I am that way with people as well. I have shared with you about the first time I met the November man. How can 20 or so years can go by and he not look a minute different to me. I look into his blue/gold eyes and I am always hopelessly lost. Sometimes I think that if I could just sit and stare for an hour or so into those eyes, with no words being spoken between us, I would eventually see all there is to see. I don't think I would survive it. I wish I understood how he can have such an affect on me, and the minute I walk the other way, I forget what he looks like. Maybe it isn't poor eyesight on my part, maybe it is just my bad memory.

Memories fill us sometimes, don't they? Vision makes it all come together in color and depth. There are times, and places, and people I would love to forget, but not if it meant never seeing a visual phenomenon, such as an eclipse or the shade of a lovers eyes again. There was this day...forever ago...when I was moving to a new apartment. It was May and there was a warm late spring rain happening. I was moving some boxes to my car and he was helping me. The rain began to pour and I looked like a wet kitty cat. I asked him if he had a hair dryer, and he just stopped, looked at the top of my very unstylish hair, and slowly moved his eyes down to mine, where he just smiled and spoke not one single word. He just smiled, in a moment that lasted forever. In that moment...I was in that moment. How could it be? HE found me beautiful? Funny how sometimes the very best gifts we can get, cost nothing, aren't wrapped in pretty paper with bows, and don't ever have to be given back.

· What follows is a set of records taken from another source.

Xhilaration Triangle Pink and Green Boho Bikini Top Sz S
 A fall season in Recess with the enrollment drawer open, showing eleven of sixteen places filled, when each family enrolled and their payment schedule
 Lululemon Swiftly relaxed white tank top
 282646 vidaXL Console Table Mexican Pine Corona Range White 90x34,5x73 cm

To the casual observer, I was a mess, to the November Man I looked beautiful. How different we all seem to see the same object or person. The beauty in a heart's smile, the ugly in a smug smile. Some go to the water and feel afraid of it's loud laughter, others like me want to join in and laugh with it. Some fear a big wave rushing onto the shore, I want to run out and meet it. It's a funny thing vision, it is all in what we choose to see. I wouldn't give up the bittersweet of knowing him, if it meant I had to give up looking into his eyes, then or now. What I would change I suppose, is that once I care about someone, I care about them for life...my life. Just when I think every single empty room in my heart is full...along comes another thing to stretch my heart further, and that never leaves. Music, pets, art, foods, hobbies, books, life. Jeepers, I am such a schmuck! :)

-OndineMonet
"Looking Out The Window"
Placerville, California
February 8th, 2006
Morning

2 comments:

DesLily said...

this post sounds like your mind is in a really good place... gosh i'm envious!

Karen Funk Blocher said...

Nothing wrong with seeing, caring, being yourself. And it sounds to me as though your heart just keeps on growing, to accommodate all it has to hold. - K.